→ Problem: Reproduce the listing in its entirety. Do not reproduce the pictures.

━━━ Available data

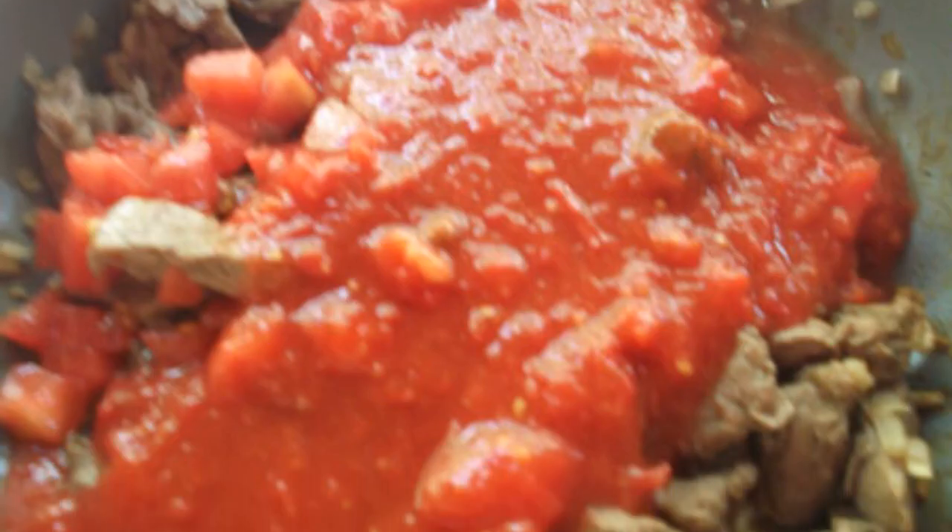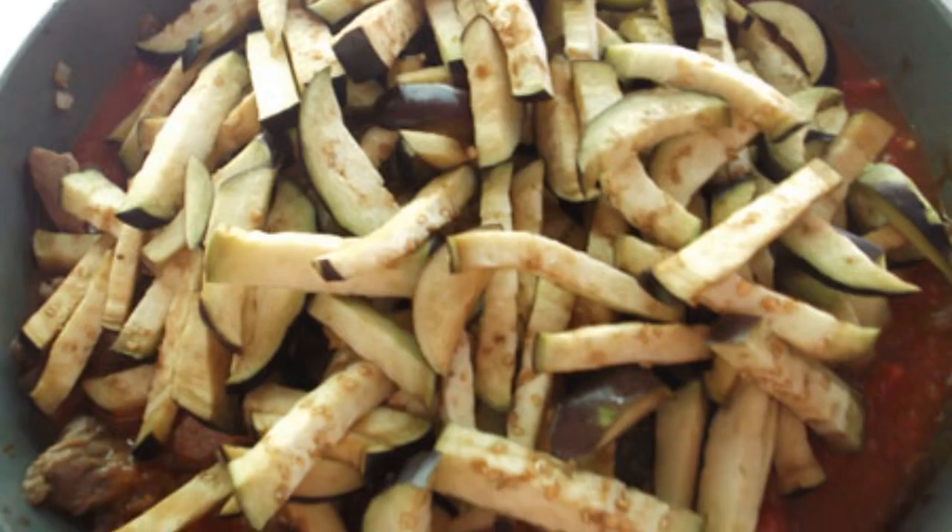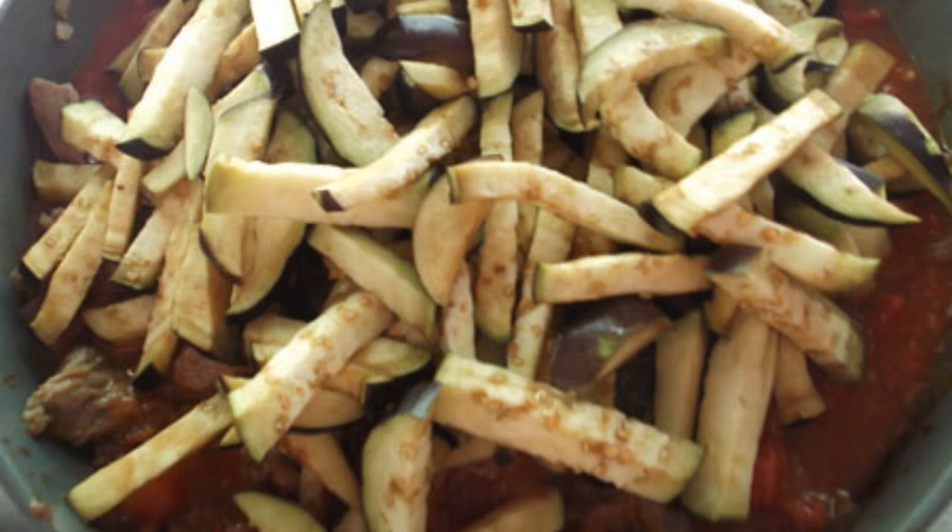Add tomatoes from the blender to the pan. Simmer for a few minutes. Add the eggplant. Cover the pan with a lid and simmer over medium heat for 20 minutes.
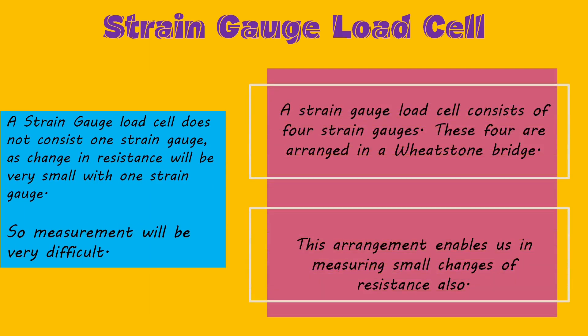One important thing to note is that in a load cell, it's not just one strain gauge but four. If only one strain gauge were used, the change in resistance would be extremely small and very difficult to measure. So to make things work, we arrange four strain gauges in a load cell, in a Wheatstone bridge arrangement.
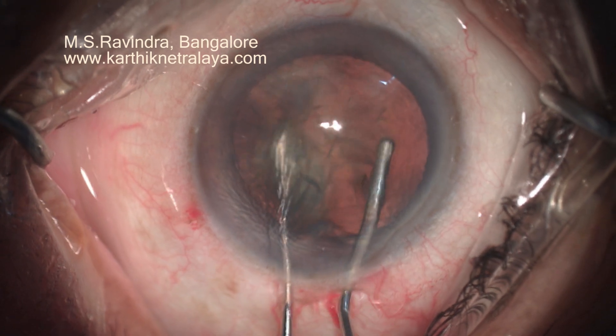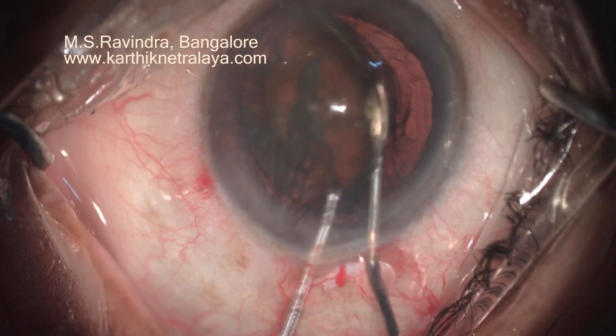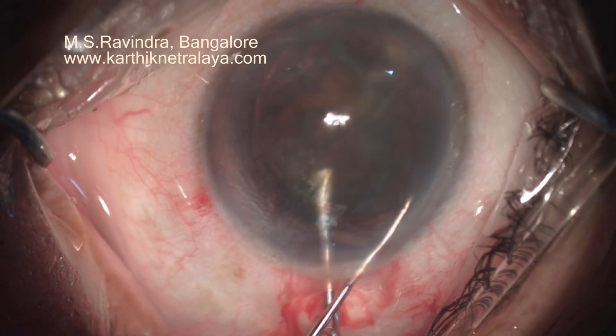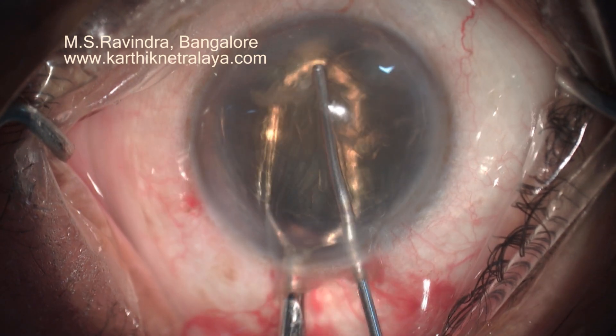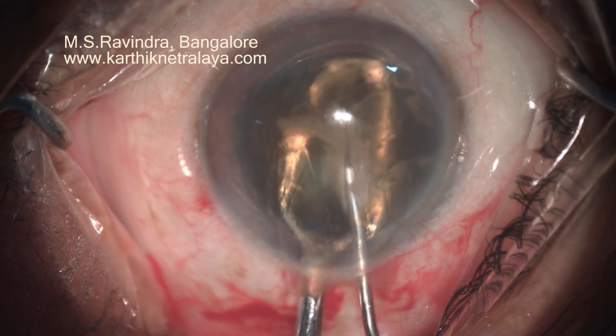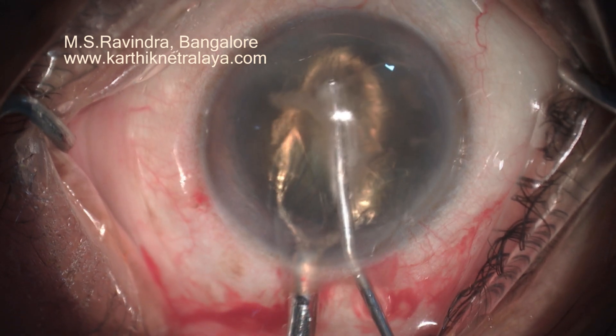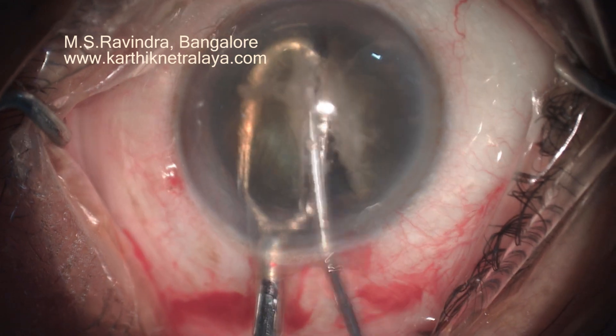Translimbal tunnel. Hydro-dissection separating the cortex and the capsule is done. The nucleus-epinucleus mass is rotated bimanually. The nucleus is prolapsed into the anterior chamber, supporting the nucleus-epinucleus mass with a mini-vectus.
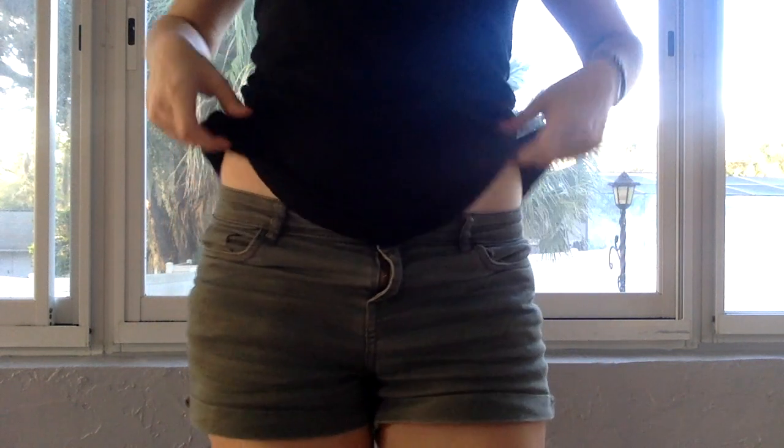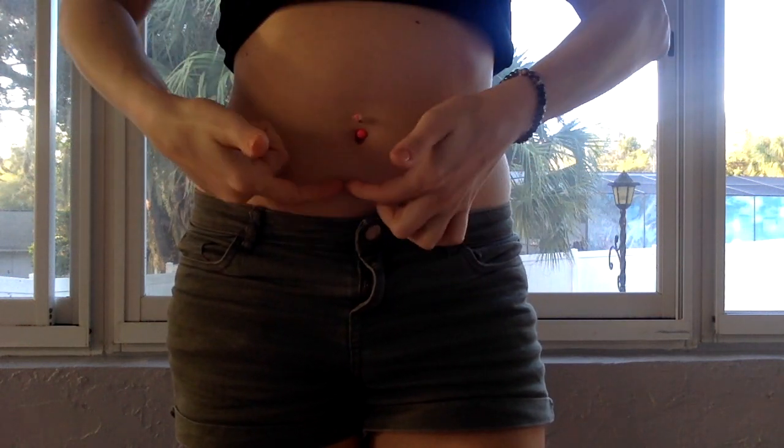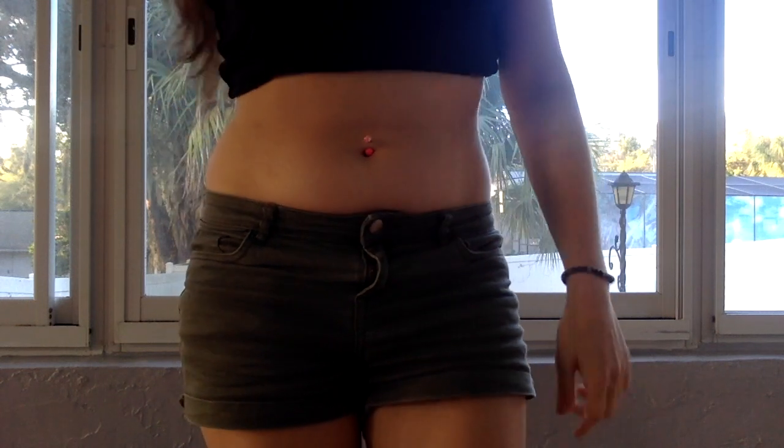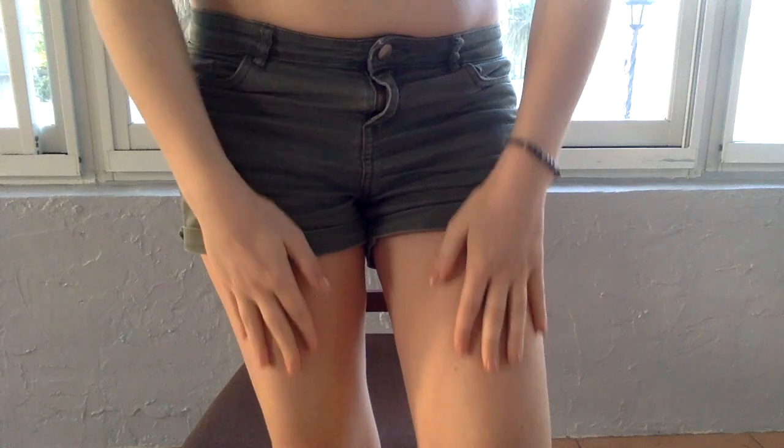The injection sites are in a U-shape under the belly button area, but two inches away from the belly button. So it's going to be in a U-shape like this, but two inches away from the belly button. And this upper thigh area here.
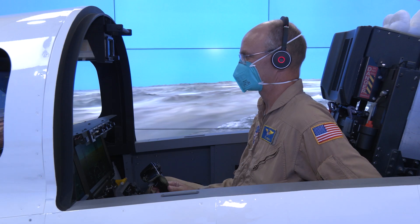This is our X-59 sim lab. The X-59 project is: can we fly supersonic without making much of a boom on the ground and set standards for quiet supersonic flight.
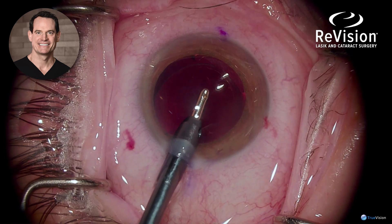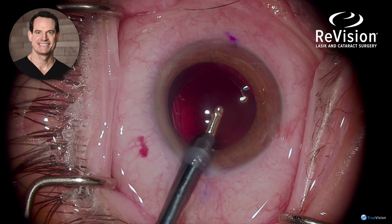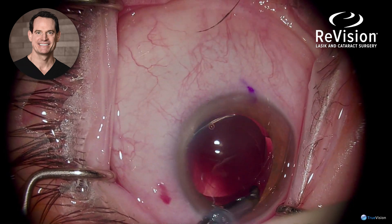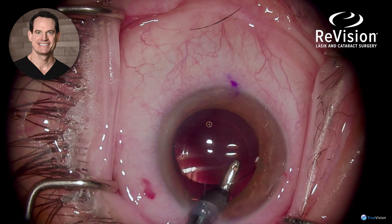Viscoelastic is then removed from the anterior chamber, followed by removal from underneath the lens, because the viscoelastic can be trapped beneath the lens. Turning the handpiece down and going under the lens ensures all the viscoelastic is removed to avoid post-operative intraocular pressure spikes.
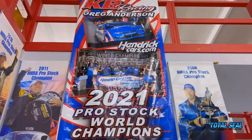This is Greg Anderson. We're at KB Racing, and we're about to show you how to hone a block for today's piston rings. So stay tuned.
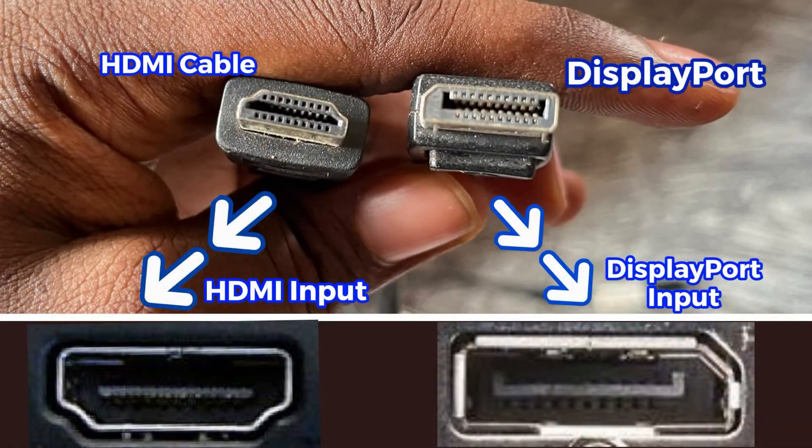Now, monitors usually do have HDMI ports, but sometimes your laptop may not have an HDMI port, so you want to be really careful. If your laptop has an HDMI port, go for an HDMI-to-HDMI cable. If your laptop has a DisplayPort or a Type-C port instead, then go for an HDMI-to-DisplayPort or HDMI-to-Type-C cable, depending on what your laptop has.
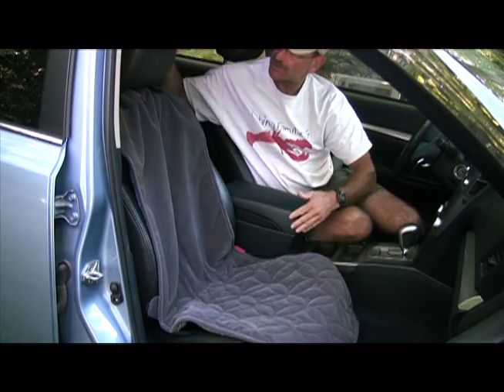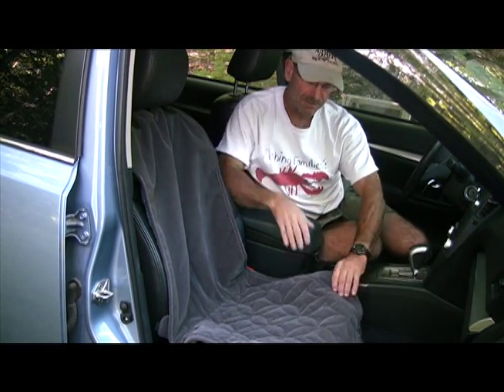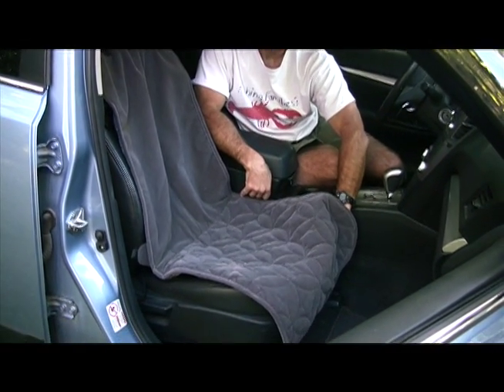The first thing you need to do is secure the protector behind the head restraint post with webbing and a buckle, and then find the elastic straps on the side and wrap them underneath your seat.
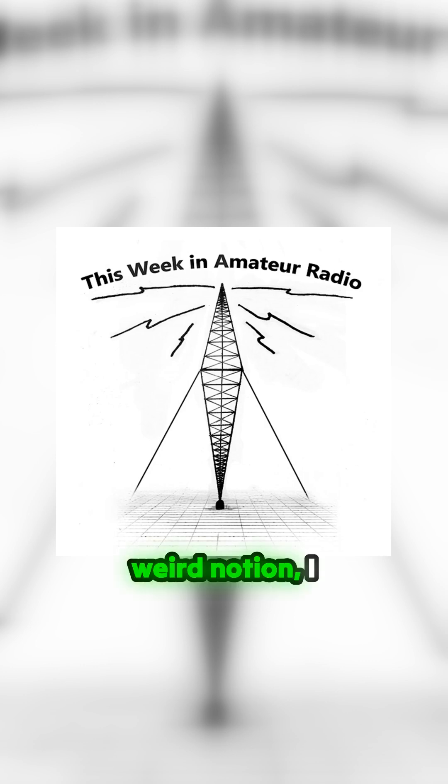Instead of fighting this weird notion, I figured I'd get on with it and find a way to play, even if you don't currently have the ability to erect an antenna or key a transmitter for whatever reason. Before I dig in, a WebSDR is a software-defined radio connected to the internet. It allows a user to open a web browser, pick from a massive collection of receivers around the world and listen in. Some of these also have the ability to transmit, but more on that later.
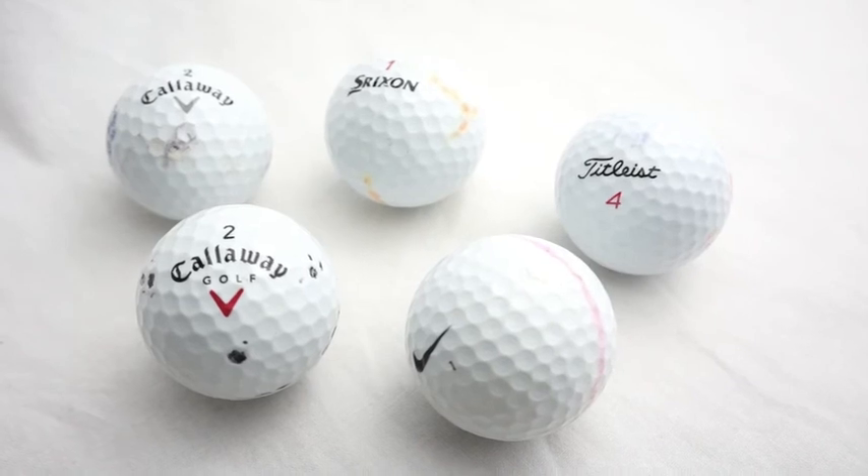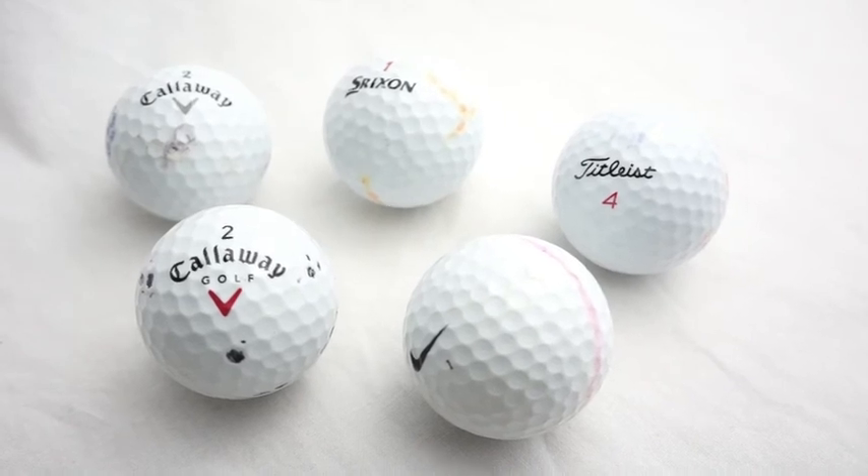These balls can be purchased from www.greengolfonline.co.uk.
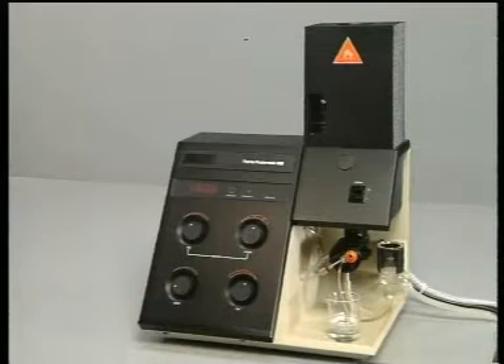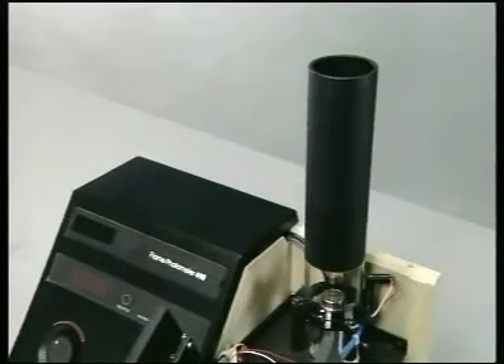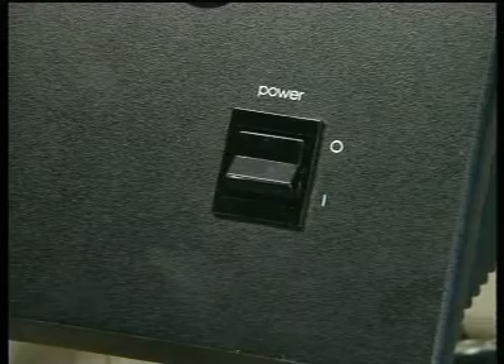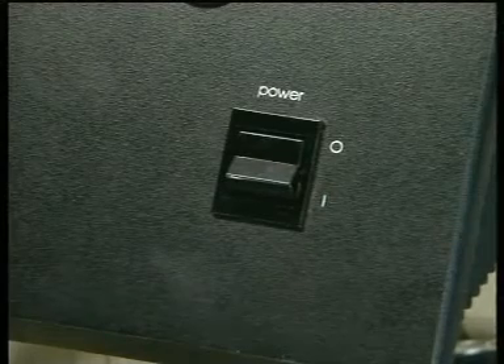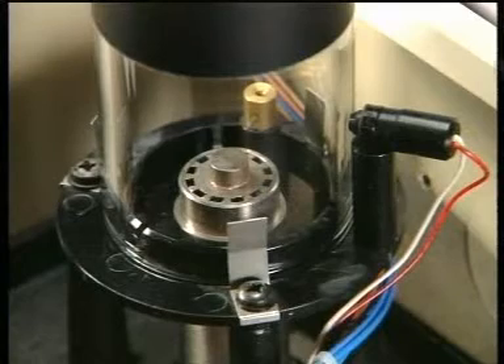The way in which this automated instrument works is best seen with the protective hood around the burner assembly removed. Switching on the instrument automatically opens valves in the air and gas supplies, and this instrument automatically ignites the fuel-air mixture.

━━━━━━

→ Exercise output:
Add tomatoes from the blender to the pan. Simmer for a few minutes. Add the eggplant. Cover the pan with a lid and simmer over medium heat for 20 minutes.
One important thing to note is that in a load cell, it's not just one strain gauge but four. If only one strain gauge were used, the change in resistance would be extremely small and very difficult to measure. So to make things work, we arrange four strain gauges in a load cell, in a Wheatstone bridge arrangement.
Translimbal tunnel. Hydro-dissection separating the cortex and the capsule is done. The nucleus-epinucleus mass is rotated bimanually. The nucleus is prolapsed into the anterior chamber, supporting the nucleus-epinucleus mass with a mini-vectus.
The injection sites are in a U-shape under the belly button area, but two inches away from the belly button. So it's going to be in a U-shape like this, but two inches away from the belly button. And this upper thigh area here.
This is our X-59 sim lab. The X-59 project is: can we fly supersonic without making much of a boom on the ground and set standards for quiet supersonic flight.
Viscoelastic is then removed from the anterior chamber, followed by removal from underneath the lens, because the viscoelastic can be trapped beneath the lens. Turning the handpiece down and going under the lens ensures all the viscoelastic is removed to avoid post-operative intraocular pressure spikes.
This is Greg Anderson. We're at KB Racing, and we're about to show you how to hone a block for today's piston rings. So stay tuned.
Now, monitors usually do have HDMI ports, but sometimes your laptop may not have an HDMI port, so you want to be really careful. If your laptop has an HDMI port, go for an HDMI-to-HDMI cable. If your laptop has a DisplayPort or a Type-C port instead, then go for an HDMI-to-DisplayPort or HDMI-to-Type-C cable, depending on what your laptop has.
The first thing you need to do is secure the protector behind the head restraint post with webbing and a buckle, and then find the elastic straps on the side and wrap them underneath your seat.
Instead of fighting this weird notion, I figured I'd get on with it and find a way to play, even if you don't currently have the ability to erect an antenna or key a transmitter for whatever reason. Before I dig in, a WebSDR is a software-defined radio connected to the internet. It allows a user to open a web browser, pick from a massive collection of receivers around the world and listen in. Some of these also have the ability to transmit, but more on that later.
These balls can be purchased from www.greengolfonline.co.uk.
The way in which this automated instrument works is best seen with the protective hood around the burner assembly removed. Switching on the instrument automatically opens valves in the air and gas supplies, and this instrument automatically ignites the fuel-air mixture.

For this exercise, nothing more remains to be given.